Impact on Machining of AISI H13 Steel Using Coated Carbide Tool under Vegetable Oil Minimum Quantity Lubrication

Abstract

Abstract In machining, final surface quality and dimensional accuracy are the most specified customer requirements. AISI H13 tool steel is used in many fields such as the automotive, aerospace, and defense fields. It is considered to be a hard-to-machine material because of its immense strength. Conventional machining has several negative effects for the environment and human health. It has failed to produce a superior performance on machining of H13 steel. In this study, an eco-friendly minimum quantity lubrication technique is implemented by using a commercially available vegetable-based cutting fluid. An investigation was done on surface characteristics, chip morphology, and intensity of cutting temperature evolved during the machining of H13 steel.
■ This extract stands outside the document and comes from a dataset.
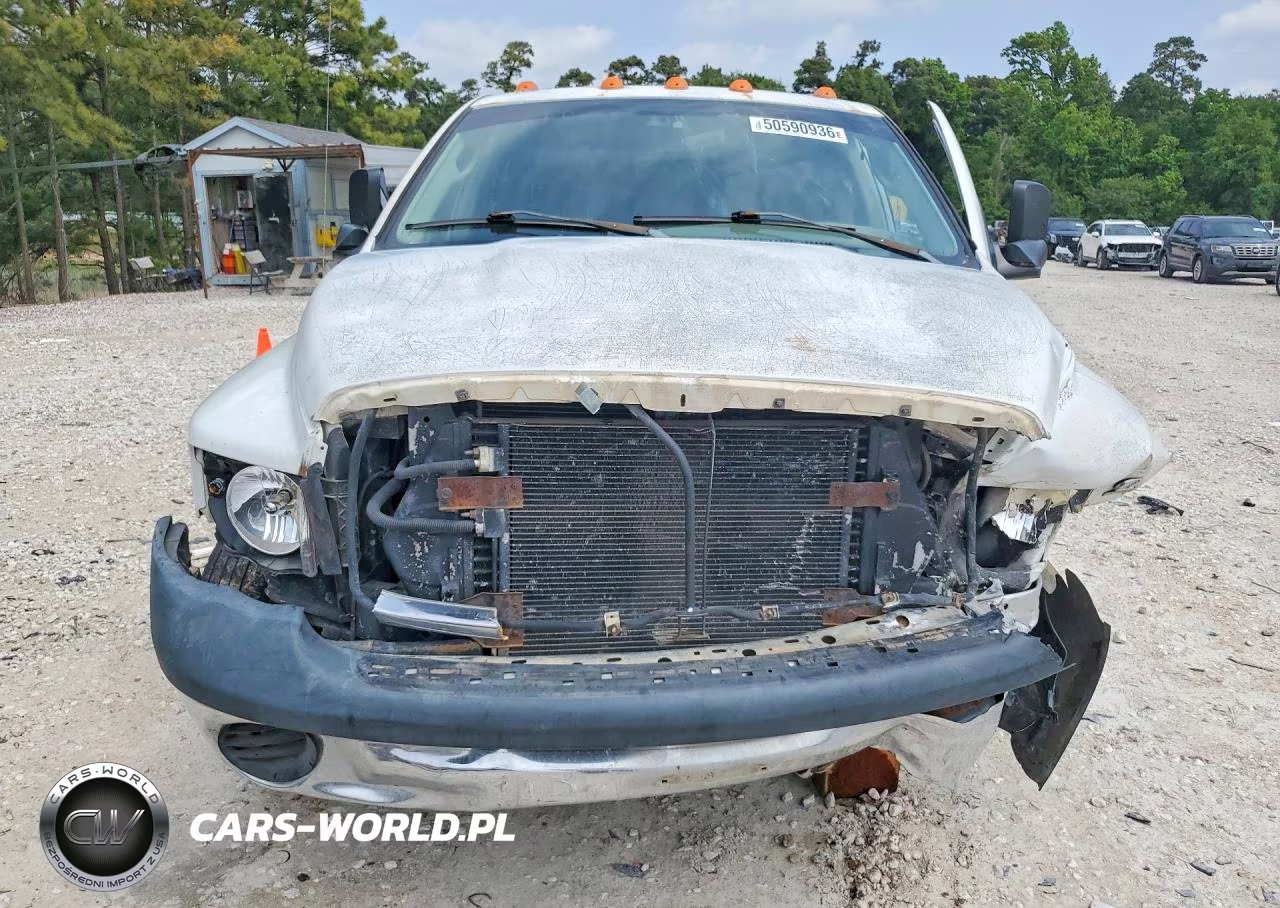 2003 Dodge Ram 3500 St VIN:3D7MA48633G777261 - 5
Further, wear on the tool of PVD-titanium-aluminum-nitrogen/titanium-nitrogen–coated carbide inserts used for milling was observed for the given input cutting speeds of 30, 45, 60, and 75 m/min and feed rates of 0.08, 1, and 1.2 mm/rev for the constant depth of cut of 1 mm. The results obtained from vegetable oil–based minimum quantity lubrication showed a reduction in the cutting temperature by 52–57 % and 38–45 % and the average surface roughness in the range of 53–64 % and 22–40 % compared to dry and wet machining.